[lbo-talk] Marx and Justice

Rakesh Bhandari bhandari at berkeley.edu
Sun Jul 29 13:03:20 PDT 2007


Will try to post just occasionally.

James writes:


>The trick Marx exposes has been so successful that it is still
>wreaking havoc on lbo-list.

Well what is the trick? I think we need to be much more careful here.

Keep this quote from Godelier in mind: "... the Marxist view was that-and it was not proper to Marx-that a big part of ideology is a presentation of exploitation as reciprocity. There was a very fantastic idea discovered in the 19th century, that the pharaoh deserved to be given your life and your work because he is a God; so if you breathe, if you have water for your garden, it's because of him and of the rituals he was performing. So the language of exchange, and debt, not exchange only, is the seed, the milieu of caste and class formation. It's not in the logic of direct violence that you understand the violence of caste or class formations, but it's in the milieu of debt, personal and collective indebtedness. You cannot understand the milieu of power and the process of its crystallization without a view of unequal exchange and imaginary reciprocity."

http://www.umich.edu/~iinet/journal/vol1no2/deconstruct.html

The real trick is not the capitalist pays for labor power rather than labor itself. If that's all Marx had to say about "the trick", then why does he return to exploitation in chapters 23 and 24 of Capital. He had already said what you say about the trick in chapters 5 and 6.

The real trick is that the capitalist seems to advance wages or variable capital and appears as the fount of life. The worker thus appears to be indebted to the capitalist, so indebted that there is no real injustice in having sold his labor power at discount. After all the wage has been advanced, the worker is allowed to live before the commodities are produced, much less sold.
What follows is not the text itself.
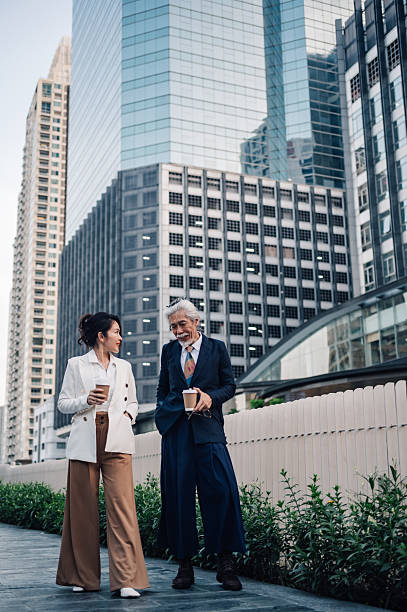 Business colleagues walking on city street, carrying coffee and talking, enjoying a break outdoors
The capitalist appears a benefactor to whom reciprocity (if not life) is owed. The Western capitalist is presented by Marx as the heir of the Asiatic despot; so much for cheap criticisms of Marx's Orientalism. The capitalist is lauded for his ritualized asceticism and equanimity in the face of risk.

But if the wage is not in fact advanced but only part of the value which has already been appropriated and allotted only on the condition that labor gratis again be performed--and we can only see this if we consider the impact on classes in the course of economic reproduction--then the worker is in no debt to his putative benefactor.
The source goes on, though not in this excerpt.